DR MICK BHATIA : Ouais. Je veux dire que, personnellement, je ne crois pas que c’est une « possibilité ». Je crois que c’est une certitude.

M. JOHN BIGGS : D’accord.

DR MICK BHATIA : Ces fonds permettront… ancreront les scientifiques qui auront choisi de s’installer en Ontario, qui travaillent actuellement en Ontario, feront évoluer leur discipline et, plus important encore, ces chercheurs n’auront vraiment aucune raison d’aller s’installer nulle part ailleurs.

M. JOHN BIGGS : Exact, et cela… cela n’affecte pas seulement votre domaine. On compte de nombreuses autres disciplines scientifiques que le gouvernement de l’Ontario abrite sous ce parapluie, non?

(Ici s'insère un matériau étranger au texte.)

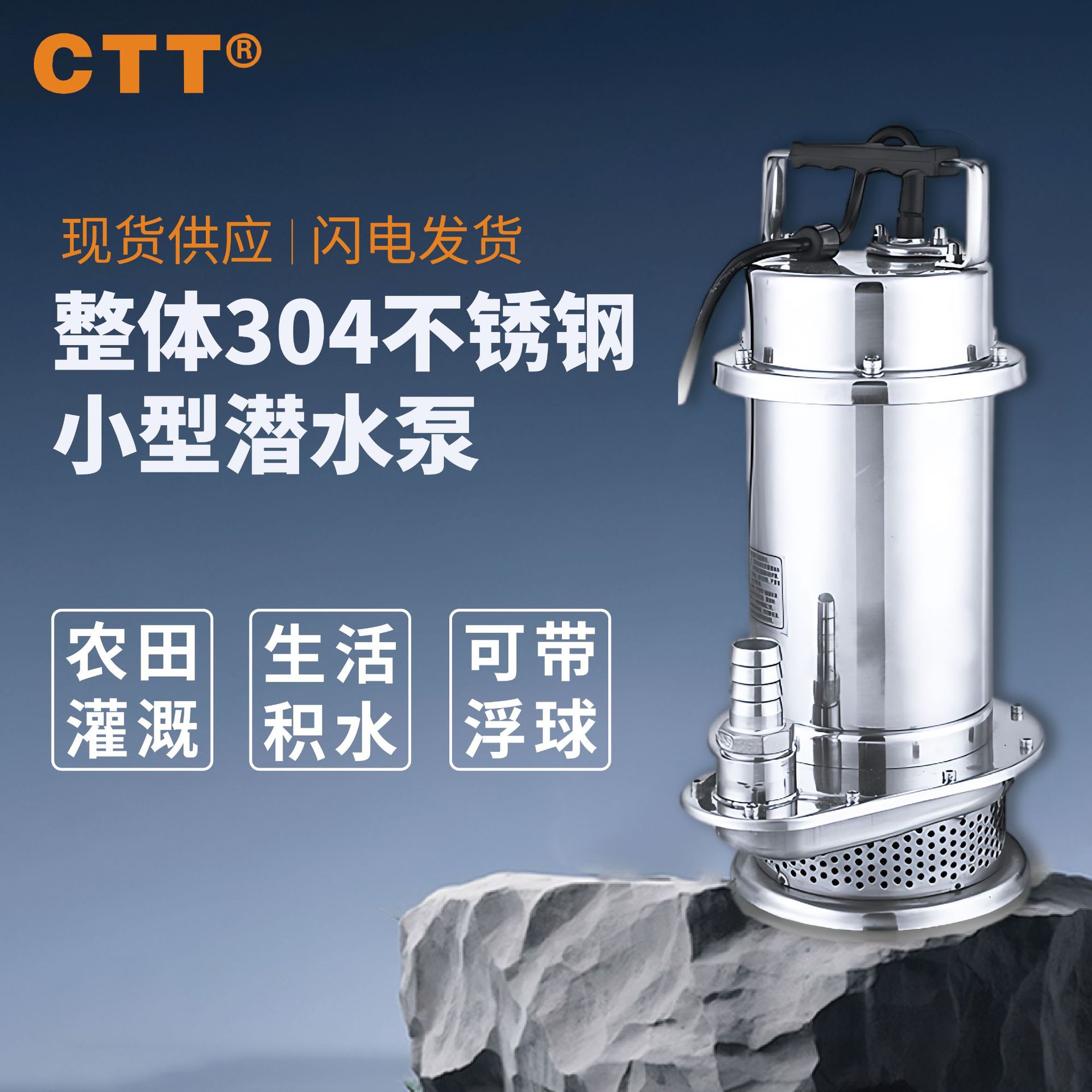 QDX不锈钢潜水泵220v菜地浇水抽水泵喷泉景观小型轻型家用潜水泵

DR MICK BHATIA : Absolument. Il y a certainement de merveilleux travaux en cours en génomie qui tentent de comprendre pourquoi nous nous retrouvons avec une maladie et comment nous pouvons nous attaquer à ce phénomène au niveau génétique. Ces travaux seront, espérons-le, nettement financés dans le cadre de ce concours, et beaucoup d’applications seront visées. Alors, ce sera assurément une amélioration sur ces deux fronts, mais l’idée que les scientifiques ontariens déménagent, j’espère que… que ce ne soit absolument pas le cas. Je crois qu’ils sont bien enracinés ici, et ce que cela démontre vraiment au gouvernement… le gouvernement de l’Ontario saisit le message. Il comprend que les découvertes élémentaires dans les laboratoires nécessitent des incitatifs de la part du gouvernement pour que les chercheurs partent de ces observations, de ces découvertes, et qu’ils les appliquent, les appliquent aux soins de santé et aux démarches visant à assainir la vie des gens et à améliorer la province de l’Ontario.

M. JOHN BIGGS : Absolument, et espérons-le nous maintiendrons en poste un plus grand nombre d’infirmières aussi, mais c’est là un tout autre sujet. [RIRES] Dr Bhatia, merci de vous être prêté à cette entrevue, et la meilleure des chances à vous dans vos travaux de recherche.

DR MICK BHATIA : Merci beaucoup. Ce fut un plaisir de vous parler.

M. JOHN BIGGS : Très bien, prenez soin de vous.

DR MICK BHATIA : Au revoir.

M. JOHN BIGGS : Au revoir. C’était le Dr Mick Bhatia de l’Université McMaster, qui s’intéresse à fond au domaine de la recherche sur les cellules souches et de la recherche sur le cancer et qui nous parlait de la nouvelle selon laquelle le gouvernement de l’Ontario injectera encore plus d’argent dans des stratégies pour conserver nos meilleurs cerveaux, maintenir en poste les meilleurs chercheurs qui soient, ici dans la province.